I say it’s a slim potential because Greg Dorsey, the candidate in question, is fresh off a write-in campaign for Delegate where he gathered 128 votes in District 43 – a scant 0.2% of the vote that placed him 139 votes behind the aggregate total of all the other write-ins. His candidacy was the minor speed bump on the highway to victory for the three Democrats who were on the ballot.

Dorsey, however, is an avowed and unapologetic unaffiliated candidate, one who has created what he calls The Unaffiliated Movement of America. In decrying “the system” Greg postulates that:

Our two party system seems to be played out like a sporting event.  There is a red team and there is a blue team, and each time they collectively step onto the playing field (ie., voting on and creating legislation), their team goal is to win at all cost, to take the victory and retain league dominance.  They sometimes win fairly and by the rules, and sometimes they cheat.  A quick rib strike here, a calf/achilles stomp there, aggressive trash talking, jersey holding, you name it, and all behind the referee’s line of vision even though the spectators have a clear view.  And sometimes, with impulsive and subjective emotions on the line, a player will blatantly cheat with such malicious intent that they are penalized and removed from the game.

I’m sort of guessing Dorsey is a soccer player based on the analogy, but this is an increasingly widespread view. I’ll grant that promoting a book by Jesse Ventura on his site isn’t going to win Dorsey a ton of converts on this side of the fence, but if nothing else Ventura stands as a blueprint for an unaffiliated candidate to be elected.

I used Sobhani as an example because, for Dorsey to get on the ballot he would have to use the same petition approach and solicit the signatures of 1% of Maryland’s registered voters – that would be roughly 40,000 signatures required.

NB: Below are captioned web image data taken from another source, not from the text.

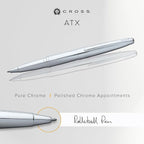 Cross ATX Refillable Rollerball Pen Presented in a Luxury Gift Box - Image 2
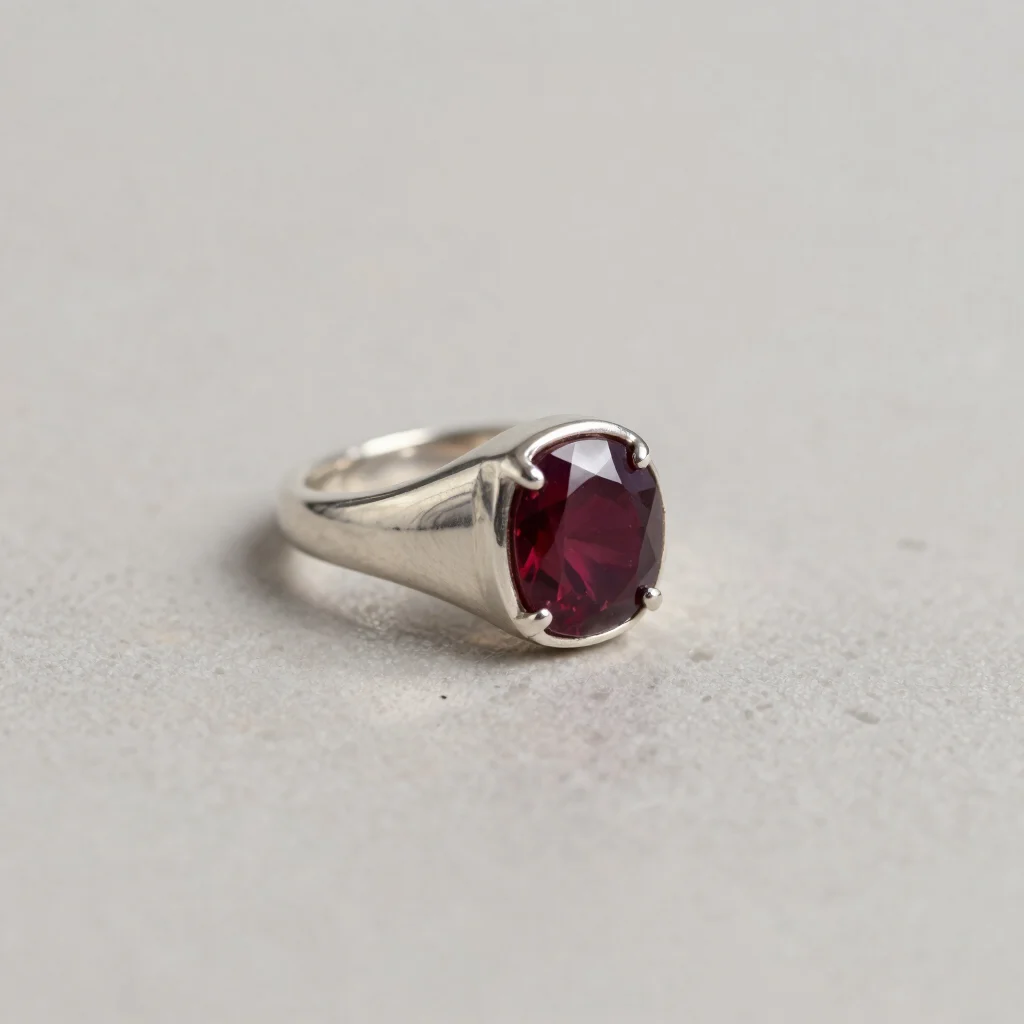 Garnet Signet Ring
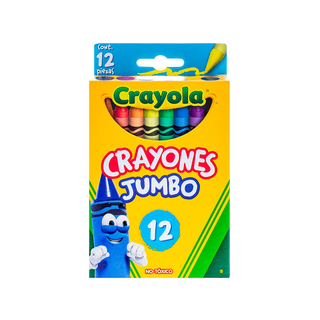 Crayones Jumbo de Colores Marca Crayola - 1 Paquete de 12 Piezas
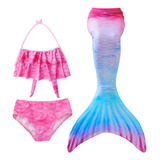 Nasjac Trajes De Baño De Para Niñas Sirena Para Nadar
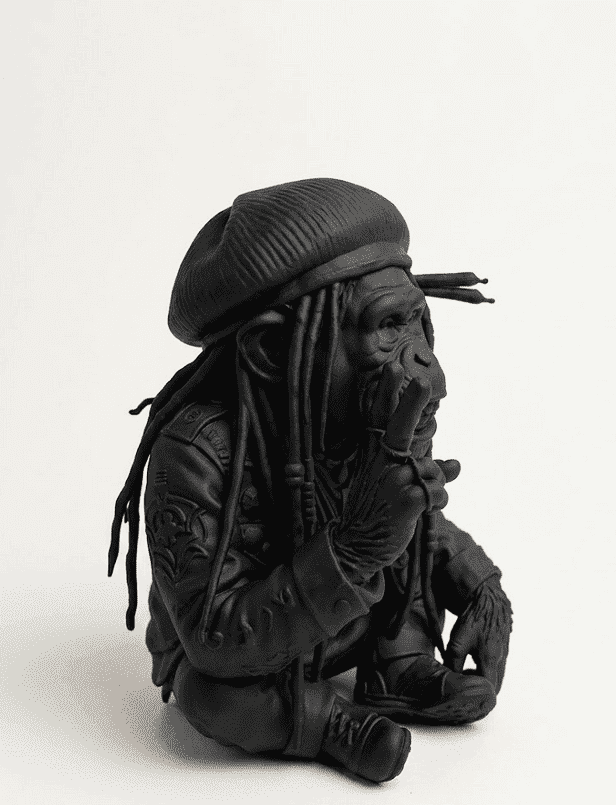 Reggae Spirit — Statuetta Vibrazione Positiva in Resina - Taraflo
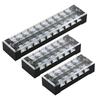 1Pcs Dual Row Barrier Screw Terminal Block Wire Connector 15A 600V For Tb Series 3 4 5 6 8 10 12 15 Positions Ways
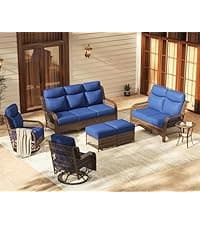 Outdoor Expandable Dining Table 71"-106" Aluminum Patio Dinner Table for 8-10 Person, Rectangular Metal Collapsible Tables with Umbrella Hole, Patio Tables with Extendable Top for Garden, Backyard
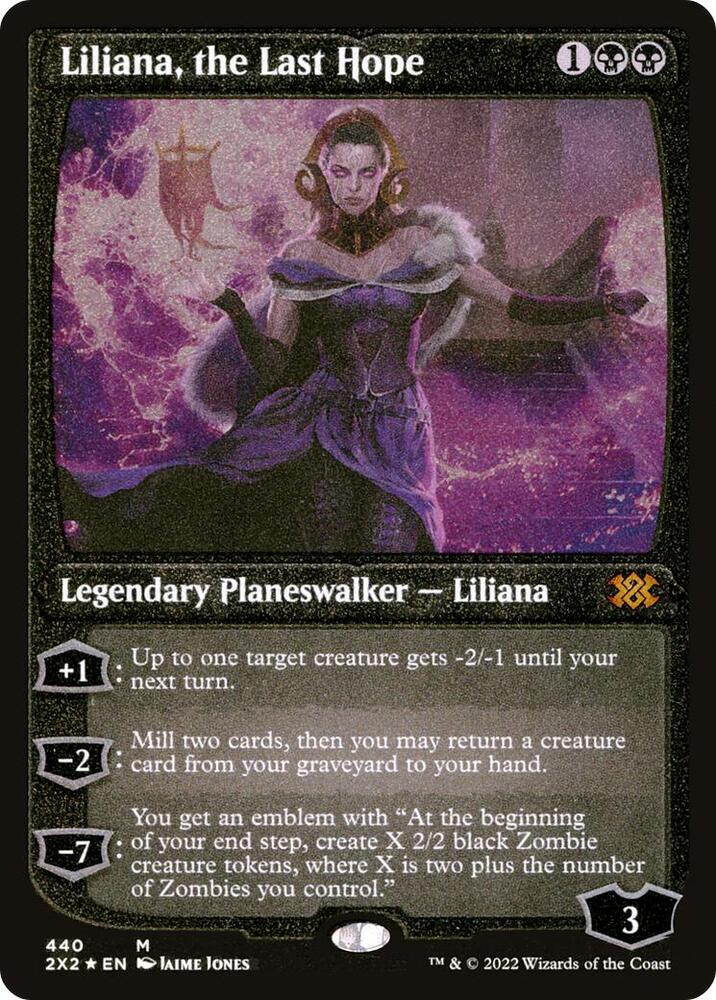Liliana the Last Hope Foil Etched 440 (Double Masters 2022)  - Foil | Good Games Adelaide SA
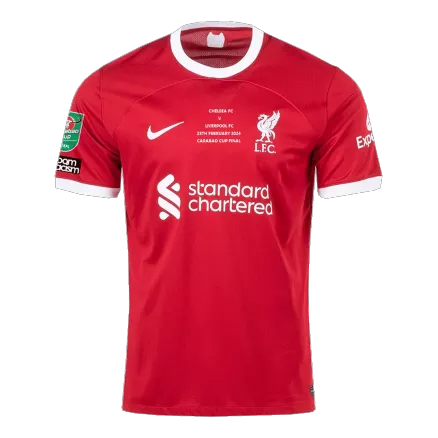 Liverpool Soccer Jersey Home Custom Shirt 2023/24 - bestsoccerstore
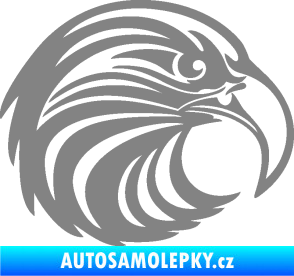 Samolepka Orel 012 pravá hlava šedá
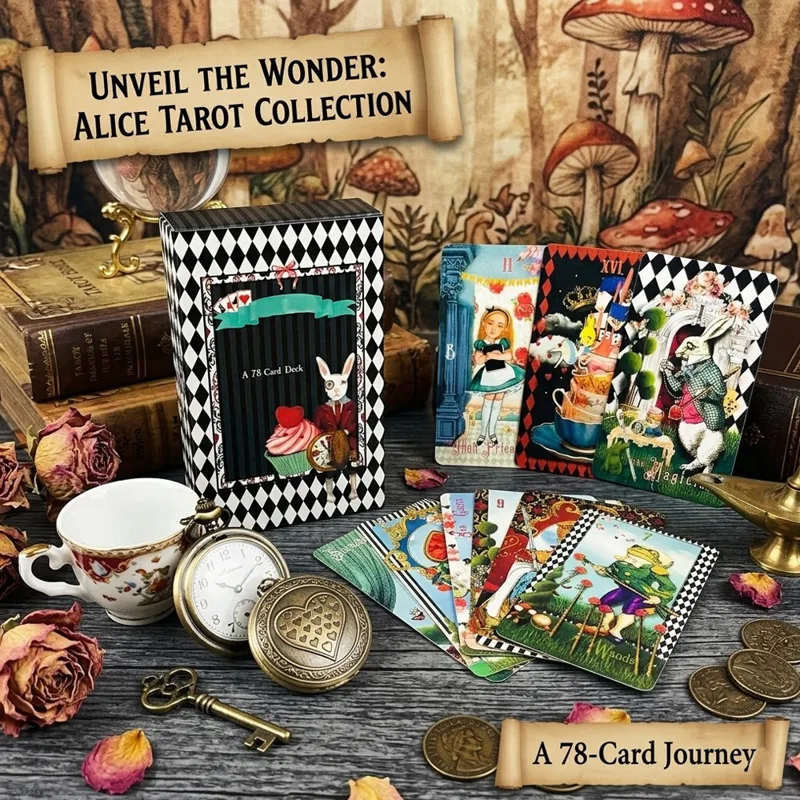 78-Card Alice in Wonderland Ta - огляд і ціна Party Games Alice In Wonderland
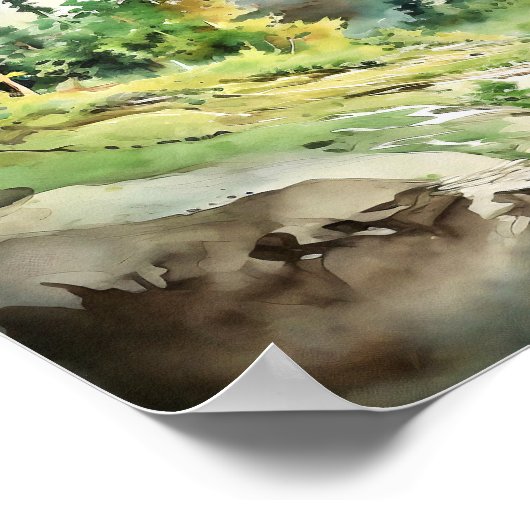 Colorado Landschapskunst Poster (Hoek)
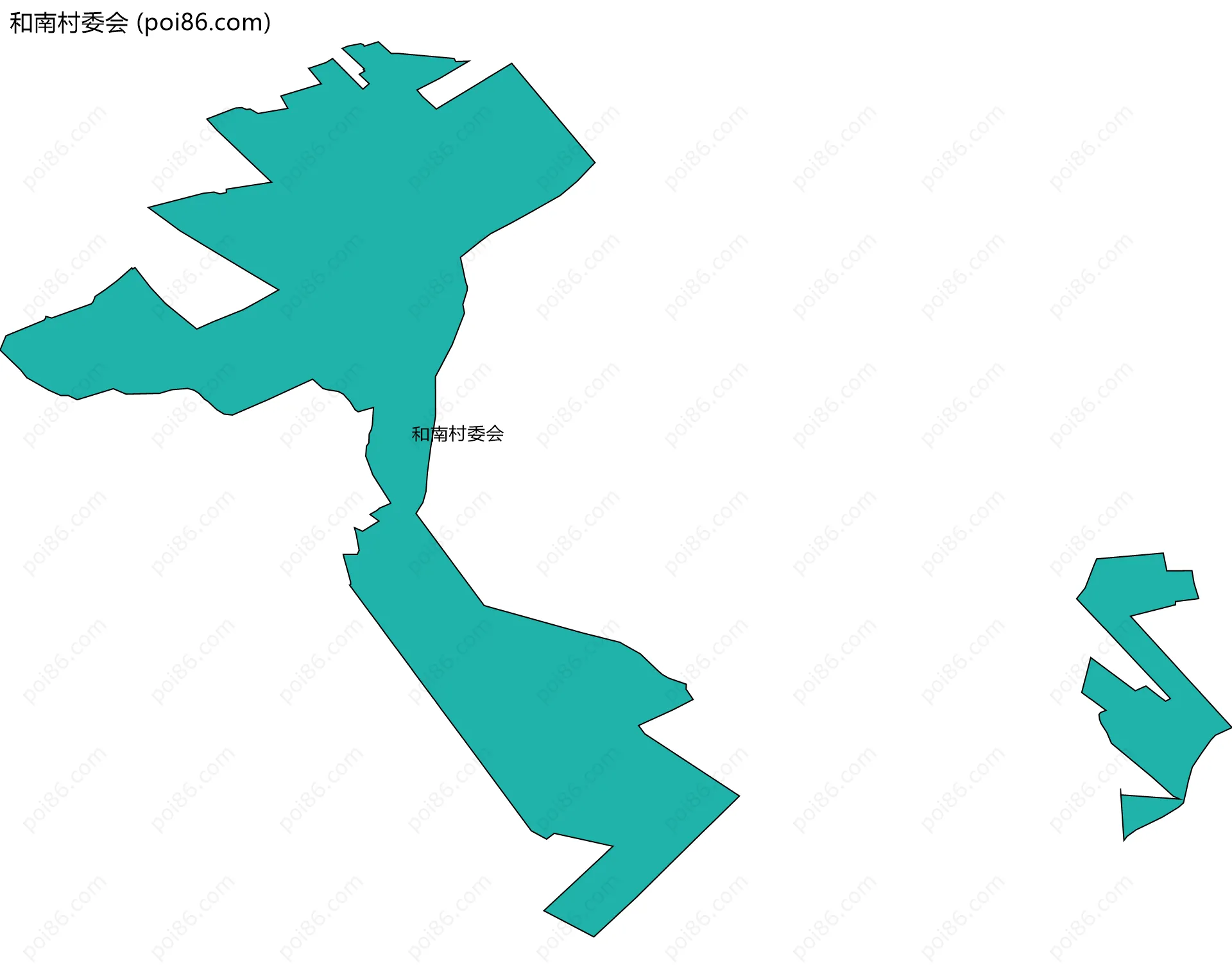 和南村委会边界地图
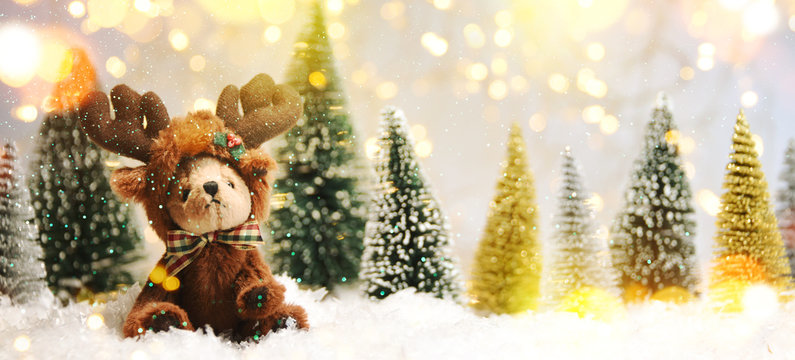 Christmas and New Year holiday background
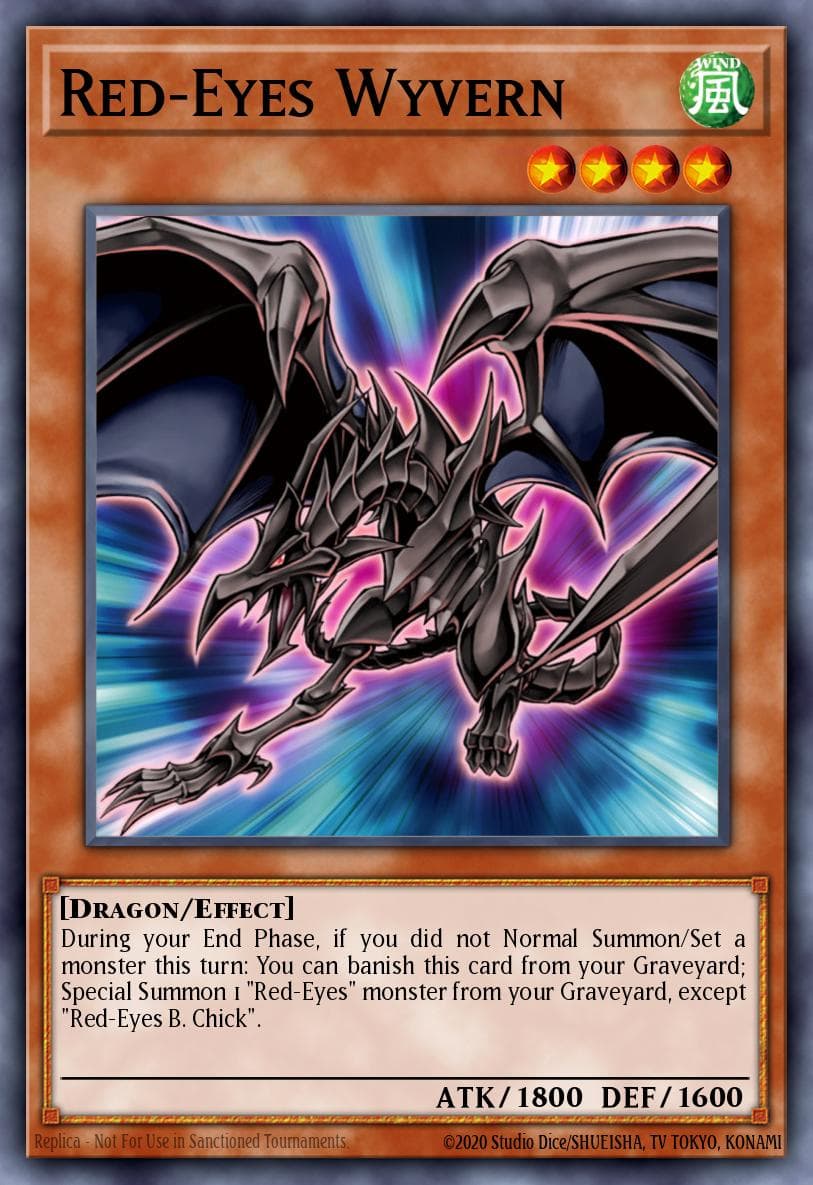 Red-Eyes Wyvern — Yu-Gi-Oh! GX Tag Force 3 promotional cards GX06-EN002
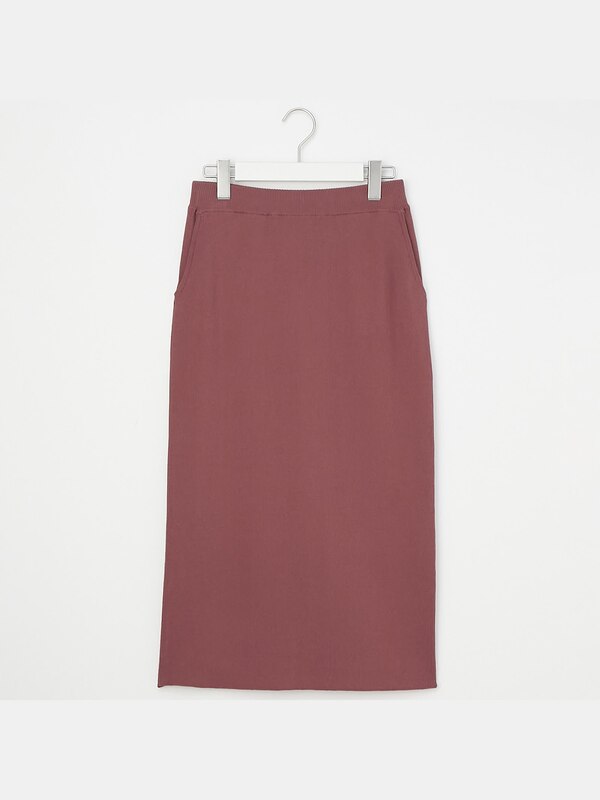 ハイゲージリネンブレンドニットスカート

In essence, Sobhani self-financed that part of his campaign which presumably Dorsey cannot do – otherwise he probably would have been on the District 43 ballot (and may have stood a slim chance of winning with no Republicans on the ballot given his conservative-leaning platform.)

It may take time on the GOP side, but considering the 2016 ballot will be just like the 2012 ballot (primarily federal races, including a Senate seat) we may see one or two ambitious members of the Maryland General Assembly try a statewide run from the cover of a legislative seat. Recent examples of this are State Senator C. Anthony Muse running against Ben Cardin in the 2012 Democratic primary and former State Senator E.J. Pipkin getting the GOP nomination in 2004 but losing to Mikulski in November. I could see at least one General Assembly Republican giving it a go, and maybe there will be a Democrat who sticks his or her neck out – on that front all bets are off if Mikulski decides to retire.

So it may be later this spring before the race begins to take shape, but there’s not a lot of time to waste as the primary will be April 5, 2016. Dorsey may be first to file but I suspect he will have a lot of company by the filing deadline next January.